● Exercise instructions
Leave out the pictures and print precisely the lines from the line with "2025 RAM 1500 Laramie Crew Cab 4x4 5'7' Box" to the final line of the entries, both ends included.

[Collected data entries]
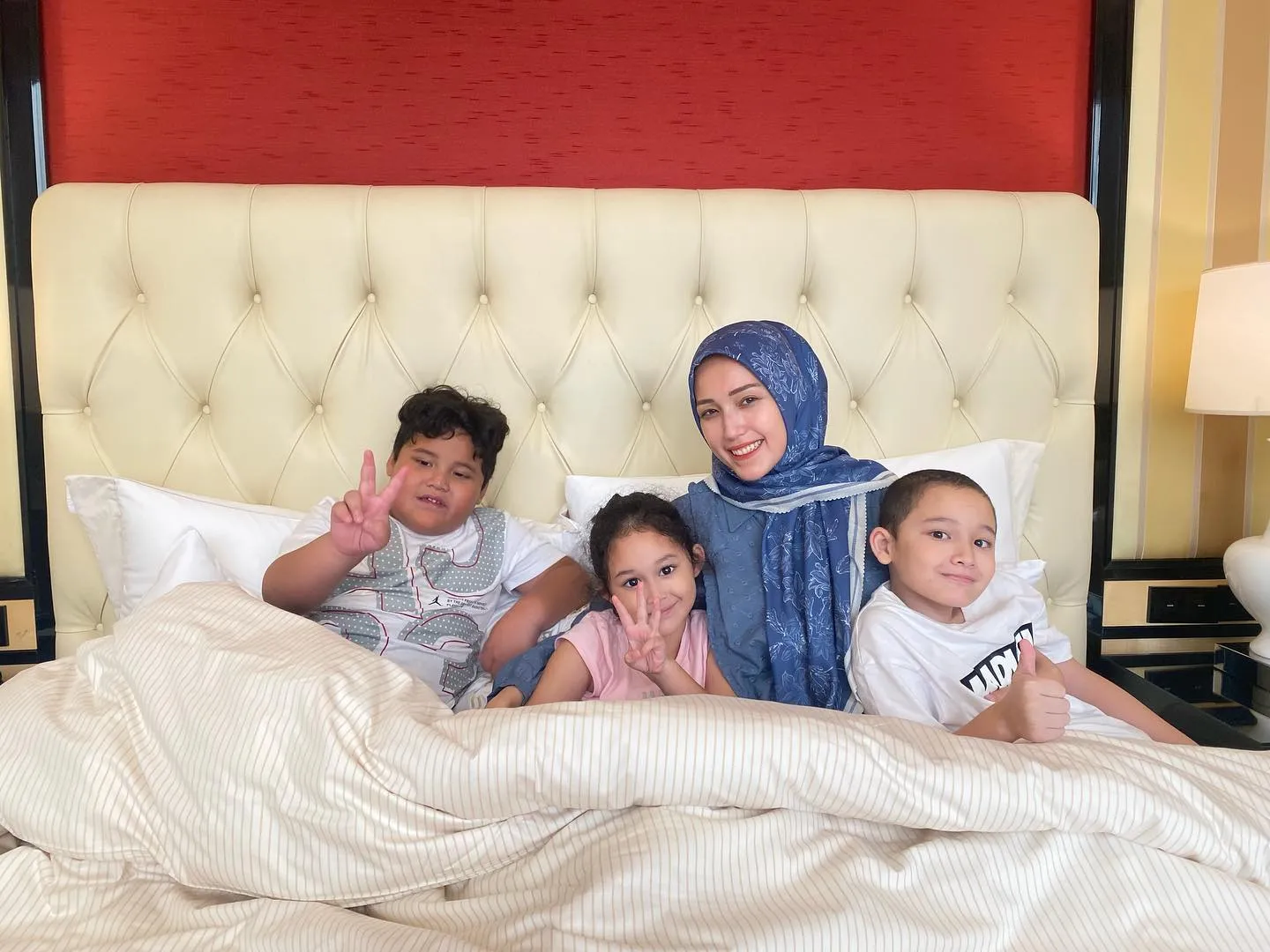 (credit: instagram.com/adeliapasha)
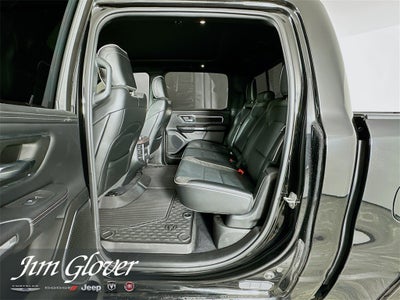 2025 RAM 1500 Laramie Crew Cab 4x4 5'7' Box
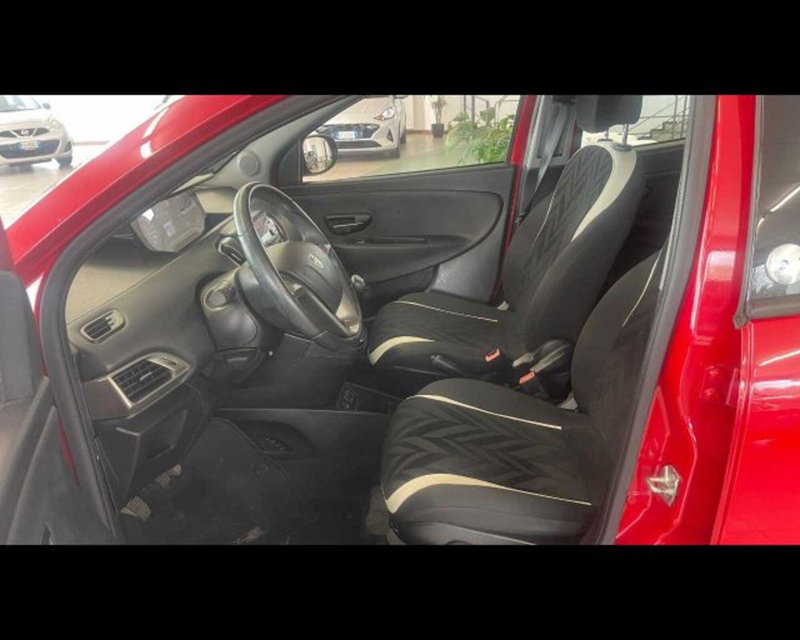 Lancia Ypsilon usata a Bologna (6)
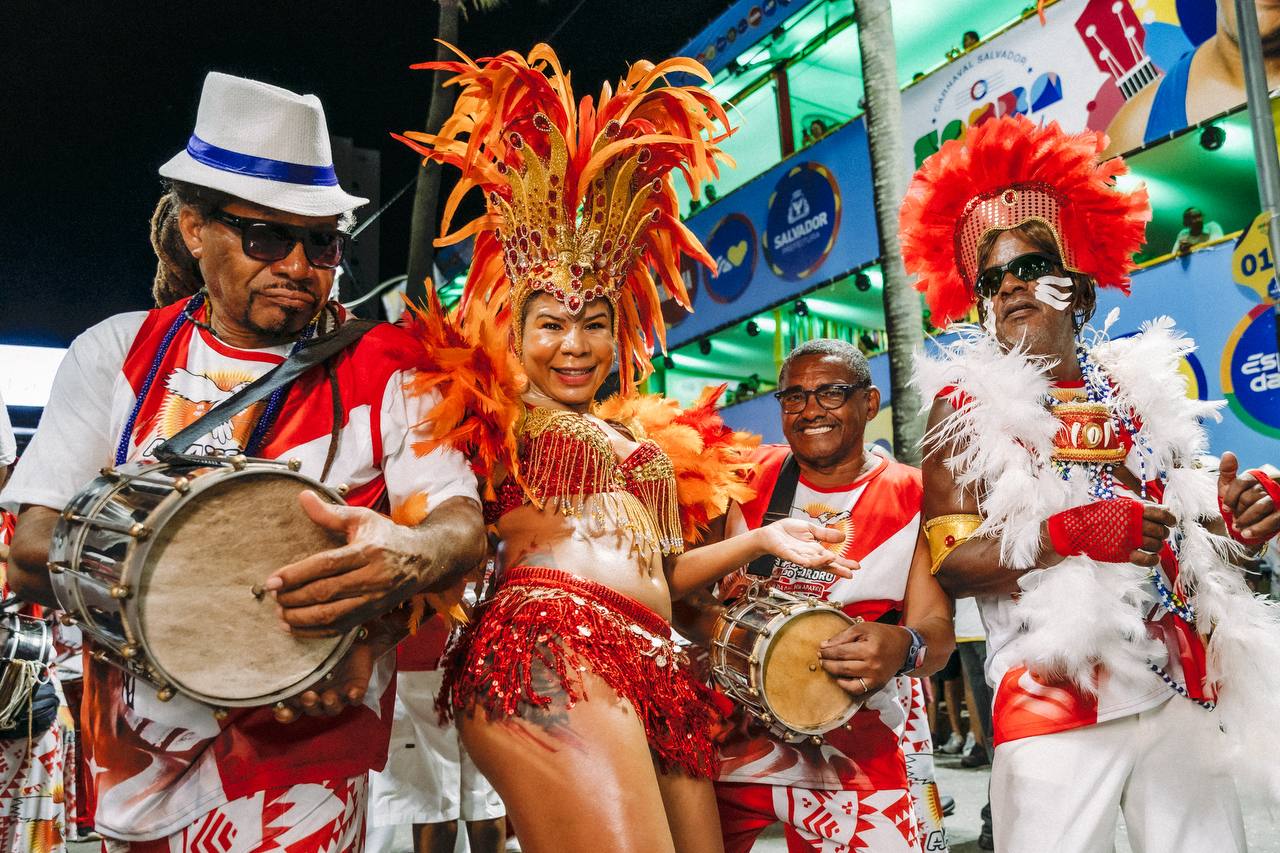 Apaxes é a agremiação mais antiga de inspiração indígena da folia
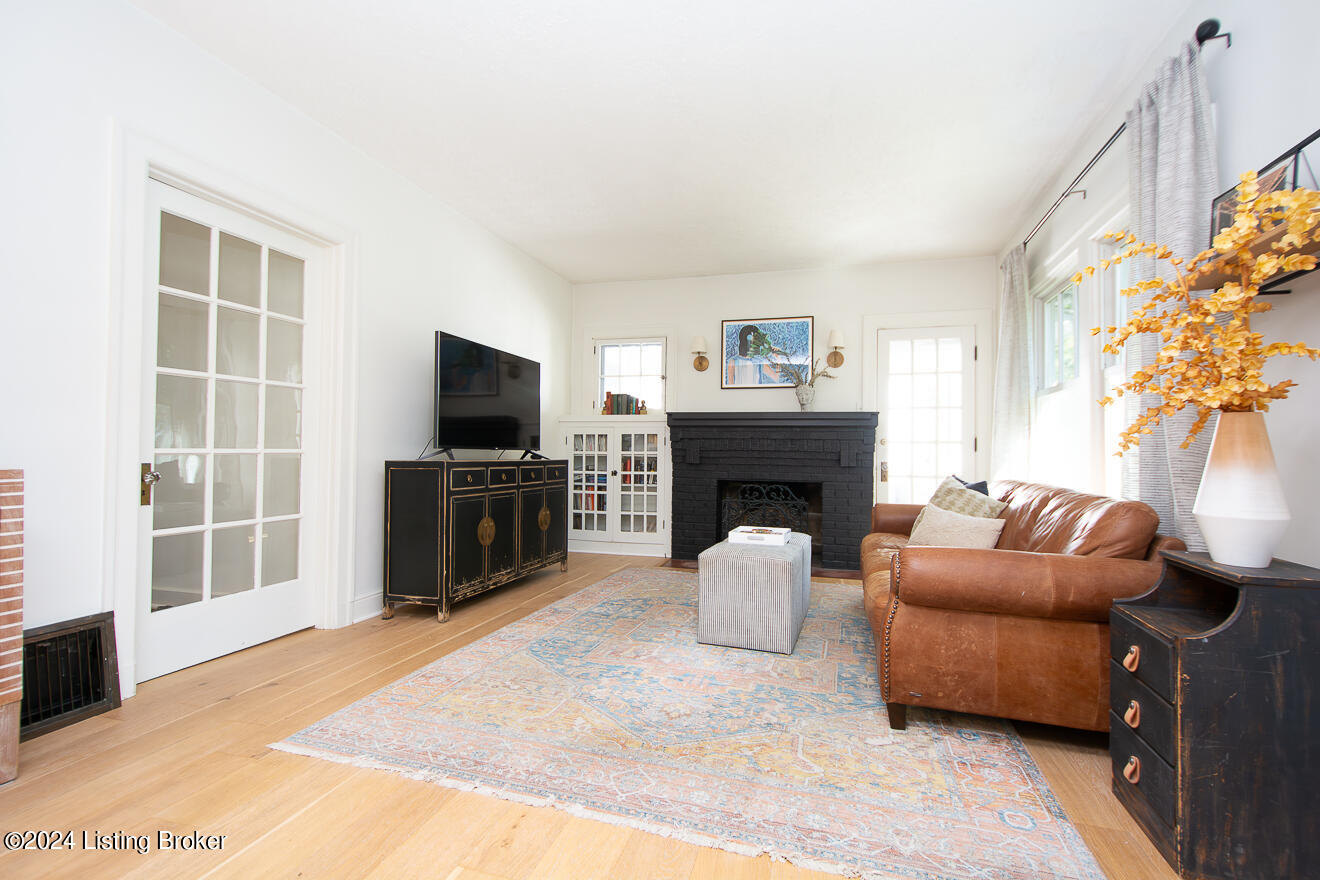 2133 Lowell Ave
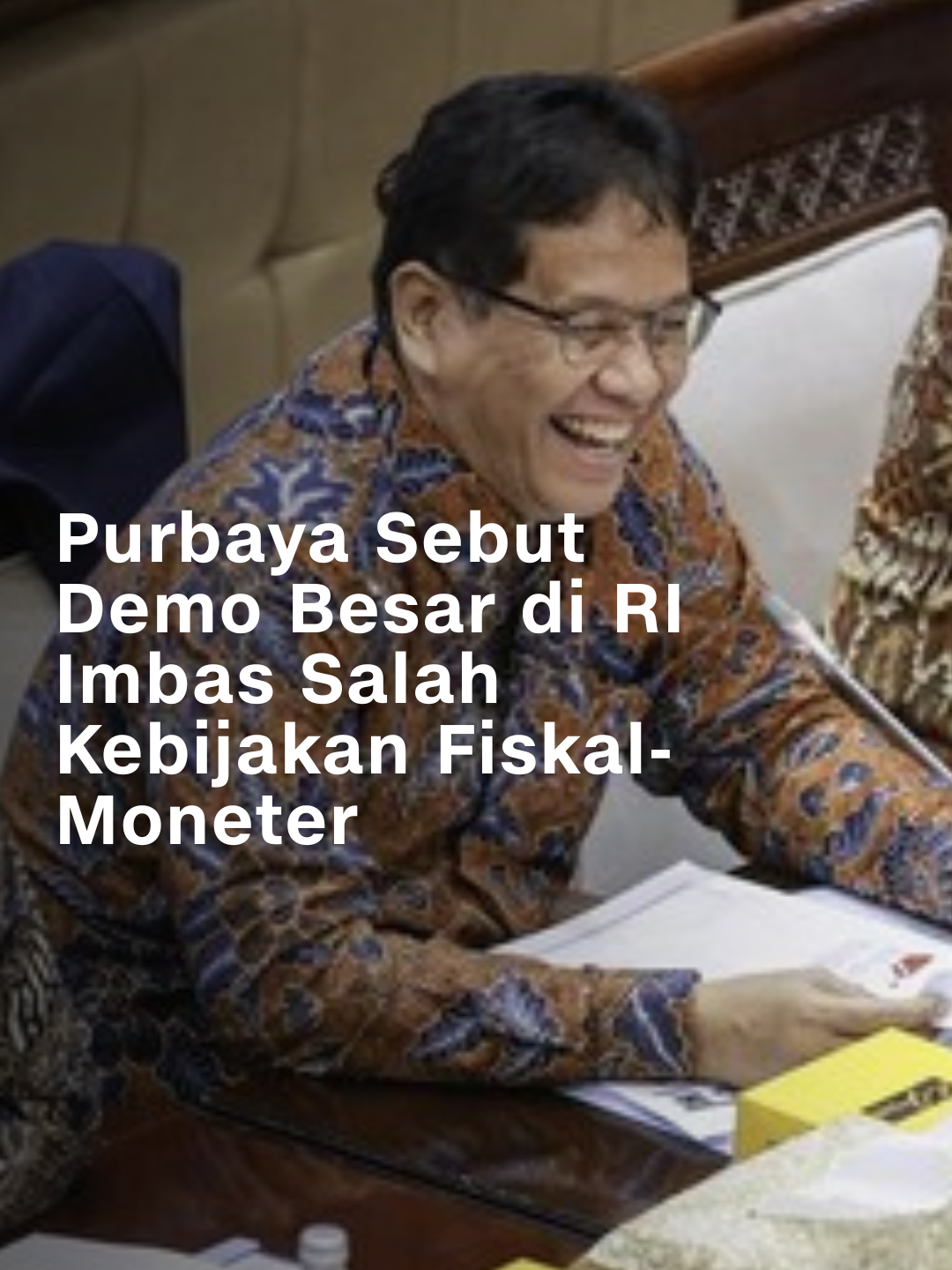 Menteri Keuangan (Menkeu) Purbaya Yudhi Sadewa mengungkapkan demo besar di Indonesia beberapa waktu belakangan adalah akumulasi dari kesalahan kebijakan fiskal dan moneter. Ia heran mengapa permasalahan fiskal dan moneter Indonesia tidak segera diatasi oleh pemerintah, baik dari eksekutif maupun legislatif. Menurut Purbaya, DPR RI dan menteri keuangan (menkeu) sebelumnya punya waktu panjang untuk bertemu dalam rapat. Menkeu sebelum Purbaya adalah Sri Mulyani. Wanita yang akrab disapa Ani itu kemudian diganti oleh Presiden Prabowo Subianto pada Senin (8/9) lalu. #cnnindonesia #cnnindonesiacom #purbaya #DPR #srimulyani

● Written response
 2025 RAM 1500 Laramie Crew Cab 4x4 5'7' Box
 Lancia Ypsilon usata a Bologna (6)
 Apaxes é a agremiação mais antiga de inspiração indígena da folia
 2133 Lowell Ave
 Menteri Keuangan (Menkeu) Purbaya Yudhi Sadewa mengungkapkan demo besar di Indonesia beberapa waktu belakangan adalah akumulasi dari kesalahan kebijakan fiskal dan moneter. Ia heran mengapa permasalahan fiskal dan moneter Indonesia tidak segera diatasi oleh pemerintah, baik dari eksekutif maupun legislatif. Menurut Purbaya, DPR RI dan menteri keuangan (menkeu) sebelumnya punya waktu panjang untuk bertemu dalam rapat. Menkeu sebelum Purbaya adalah Sri Mulyani. Wanita yang akrab disapa Ani itu kemudian diganti oleh Presiden Prabowo Subianto pada Senin (8/9) lalu. #cnnindonesia #cnnindonesiacom #purbaya #DPR #srimulyani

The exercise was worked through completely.